Specifically, Thune introduced a motion which would suspend the filibuster rule, which currently requires a 60-vote supermajority to overcome.

Fox News noted how Thune is not the first Senate majority leader to initiate a change to the body's rules in order to expedite confirmations.

Then-Senate Majority Leader Harry Reid did the same in 2013 as Republican lawmakers stymied the confirmation of then-President Barack Obama's cabinet secretaries.

His successor, former Senate Majority Leader Mitch McConnell, took a similar course of action when he made Supreme Court nominees subject to a simple majority vote.

Thune warns that Democrats are suffering from "Trump derangement syndrome"

Thune's move came after The Hill reported that Democrats "are under heavy pressure from their base to show more fight against Trump."

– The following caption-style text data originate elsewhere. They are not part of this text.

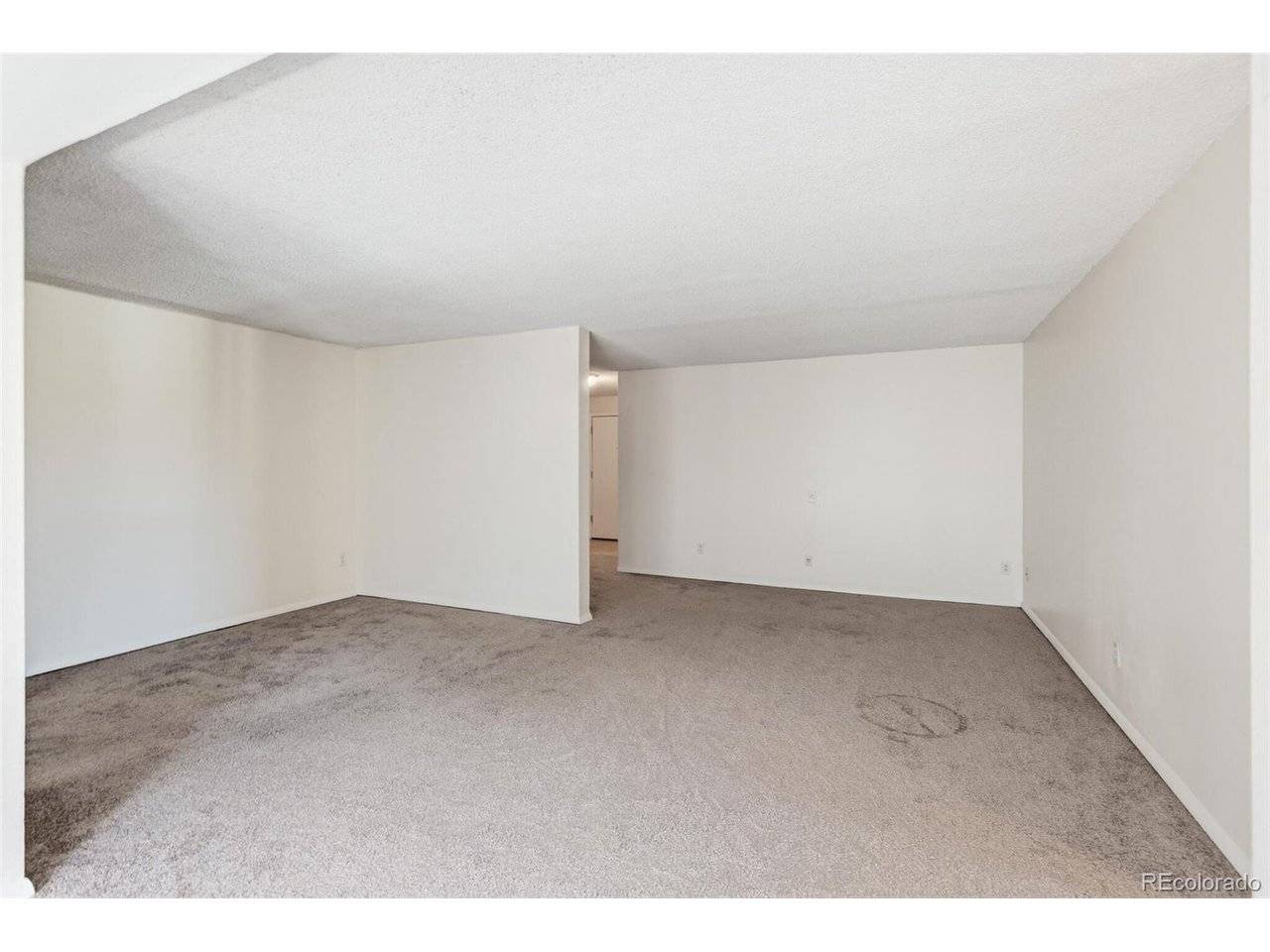 2 Adams #910, Denver, CO 80206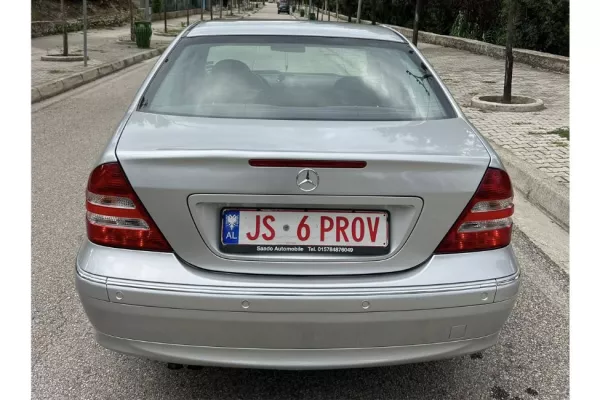 Auto in Vendita a Tirana - 4,000 Euro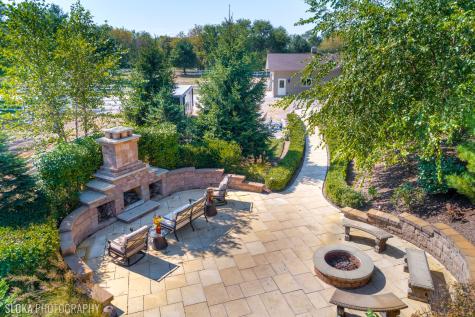 11 Moate Lane Barrington Hills IL 60010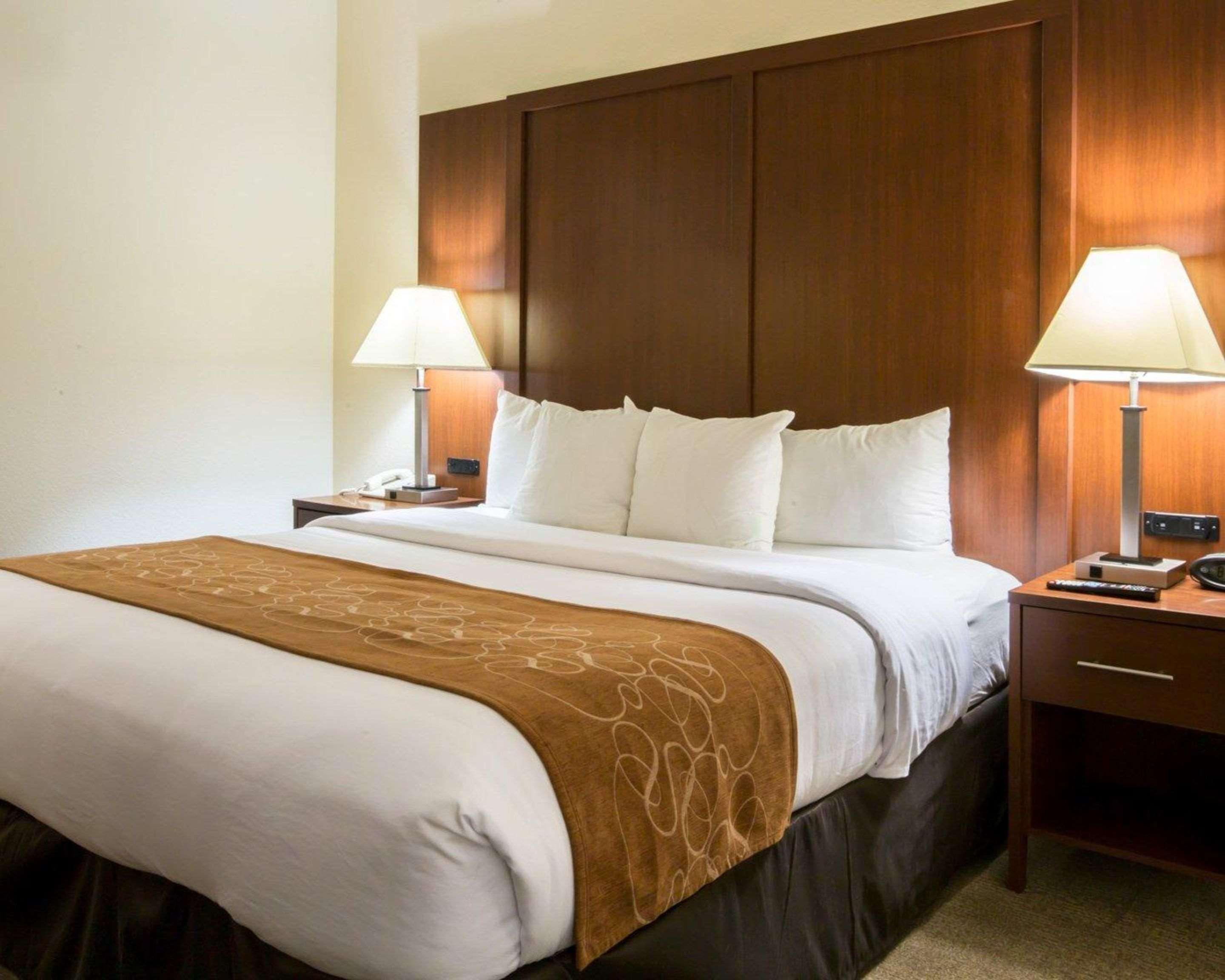 Comfort Suites Cumming-Atlanta Near Northside Hospital Forsyth מראה חיצוני תמונה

"Democrats have not allowed a single civilian Trump nominee to pass by unanimous consent or voice vote — even when Democrats have ultimately ended up supporting the nomination in significant numbers," Thune was quoted as saying at the time.

"It’s a whole new precedent, and what goes around comes around," the South Dakota lawmaker said of his Democratic colleagues.

"There’s a lot of 'Trump derangement syndrome' that is afflicting the other side of the aisle, but if they keep this up, this is not going to end well. I just think this creates a whole new precedent," he added.

Trump says Senate Democrats are engaging in "political extortion"

For his part, the president took aim at Senate Minority Leader Chuck Schumer in an August post on Truth Social after he demanded that billions of dollars worth of foreign aid and National Institutes of Health funding be restored as a condition for confirming nominees.

Trump decried Schumer's demands as "egregious and unprecedented," insisting that Schumer was committing "political extortion, by any other name."

The president then advised Senate Republicans that they should "[t]ell Schumer, who is under tremendous political pressure from within his own party, the Radical Left Lunatics, to GO TO HELL!"